▸ EXERCISE BRIEF
Look for the string "from" in the listing below, then copy every line that has it.

▸ DATA FOR REVIEW
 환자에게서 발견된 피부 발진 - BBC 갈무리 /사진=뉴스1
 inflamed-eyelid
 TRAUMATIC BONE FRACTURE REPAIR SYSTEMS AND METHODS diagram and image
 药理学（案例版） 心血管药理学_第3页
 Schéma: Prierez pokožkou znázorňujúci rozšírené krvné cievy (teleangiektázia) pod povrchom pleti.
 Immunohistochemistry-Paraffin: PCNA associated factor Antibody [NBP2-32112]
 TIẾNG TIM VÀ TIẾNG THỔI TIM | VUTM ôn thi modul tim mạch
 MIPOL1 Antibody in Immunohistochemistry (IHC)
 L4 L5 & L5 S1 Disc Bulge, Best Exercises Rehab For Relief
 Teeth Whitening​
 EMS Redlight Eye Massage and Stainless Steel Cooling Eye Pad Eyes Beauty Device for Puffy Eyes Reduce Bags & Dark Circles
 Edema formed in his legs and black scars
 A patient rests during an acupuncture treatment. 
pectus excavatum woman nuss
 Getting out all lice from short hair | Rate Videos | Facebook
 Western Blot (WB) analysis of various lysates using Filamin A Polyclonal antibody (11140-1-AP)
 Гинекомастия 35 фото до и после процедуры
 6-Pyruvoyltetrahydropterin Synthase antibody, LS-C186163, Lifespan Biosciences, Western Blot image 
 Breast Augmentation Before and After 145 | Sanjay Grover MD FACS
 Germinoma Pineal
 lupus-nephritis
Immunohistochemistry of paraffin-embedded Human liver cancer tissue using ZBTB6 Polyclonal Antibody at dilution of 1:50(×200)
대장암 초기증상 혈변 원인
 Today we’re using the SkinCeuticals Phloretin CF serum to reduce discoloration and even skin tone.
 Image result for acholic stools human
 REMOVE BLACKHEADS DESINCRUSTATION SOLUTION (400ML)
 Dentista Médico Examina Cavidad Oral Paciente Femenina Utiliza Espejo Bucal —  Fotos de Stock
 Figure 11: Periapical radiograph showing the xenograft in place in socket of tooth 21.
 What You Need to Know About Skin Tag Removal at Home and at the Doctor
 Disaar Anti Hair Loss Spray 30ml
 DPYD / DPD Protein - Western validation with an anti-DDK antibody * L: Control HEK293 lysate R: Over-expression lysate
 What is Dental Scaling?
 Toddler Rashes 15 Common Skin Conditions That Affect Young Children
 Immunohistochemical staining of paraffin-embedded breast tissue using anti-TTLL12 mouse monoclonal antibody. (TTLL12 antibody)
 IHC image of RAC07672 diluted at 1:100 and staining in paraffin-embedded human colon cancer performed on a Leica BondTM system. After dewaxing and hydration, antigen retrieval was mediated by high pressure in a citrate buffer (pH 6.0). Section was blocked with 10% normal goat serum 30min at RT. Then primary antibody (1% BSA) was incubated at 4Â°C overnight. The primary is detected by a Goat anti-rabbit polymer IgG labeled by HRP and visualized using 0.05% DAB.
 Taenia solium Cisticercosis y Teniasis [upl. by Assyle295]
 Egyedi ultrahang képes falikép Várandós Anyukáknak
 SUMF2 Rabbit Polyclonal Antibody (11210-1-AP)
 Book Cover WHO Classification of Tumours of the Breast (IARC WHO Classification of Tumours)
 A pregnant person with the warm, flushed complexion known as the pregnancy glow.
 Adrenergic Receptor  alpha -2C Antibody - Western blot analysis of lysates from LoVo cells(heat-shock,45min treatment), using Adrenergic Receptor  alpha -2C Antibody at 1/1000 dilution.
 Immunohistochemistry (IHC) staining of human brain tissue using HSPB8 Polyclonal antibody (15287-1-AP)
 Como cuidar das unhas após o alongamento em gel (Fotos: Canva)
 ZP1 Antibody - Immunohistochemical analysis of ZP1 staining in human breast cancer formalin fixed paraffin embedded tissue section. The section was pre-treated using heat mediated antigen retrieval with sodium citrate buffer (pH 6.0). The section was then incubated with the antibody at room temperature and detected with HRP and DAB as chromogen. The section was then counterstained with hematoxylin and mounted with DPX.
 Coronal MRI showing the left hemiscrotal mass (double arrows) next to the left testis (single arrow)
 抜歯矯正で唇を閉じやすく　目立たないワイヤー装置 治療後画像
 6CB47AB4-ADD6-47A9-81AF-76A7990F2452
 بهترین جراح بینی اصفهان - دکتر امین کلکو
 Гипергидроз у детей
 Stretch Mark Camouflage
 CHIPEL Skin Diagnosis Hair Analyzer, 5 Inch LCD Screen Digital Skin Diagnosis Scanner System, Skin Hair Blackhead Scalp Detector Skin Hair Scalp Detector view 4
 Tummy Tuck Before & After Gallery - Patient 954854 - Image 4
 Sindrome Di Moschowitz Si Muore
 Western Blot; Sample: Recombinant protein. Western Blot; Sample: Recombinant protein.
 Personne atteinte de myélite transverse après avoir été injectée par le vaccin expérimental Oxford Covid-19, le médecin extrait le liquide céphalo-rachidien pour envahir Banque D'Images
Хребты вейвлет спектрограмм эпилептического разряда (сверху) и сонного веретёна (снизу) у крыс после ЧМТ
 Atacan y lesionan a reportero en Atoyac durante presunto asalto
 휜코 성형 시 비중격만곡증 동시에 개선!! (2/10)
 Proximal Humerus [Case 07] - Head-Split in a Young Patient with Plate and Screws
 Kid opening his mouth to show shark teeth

▸ SOLUTION
 Getting out all lice from short hair | Rate Videos | Facebook
 Adrenergic Receptor  alpha -2C Antibody - Western blot analysis of lysates from LoVo cells(heat-shock,45min treatment), using Adrenergic Receptor  alpha -2C Antibody at 1/1000 dilution.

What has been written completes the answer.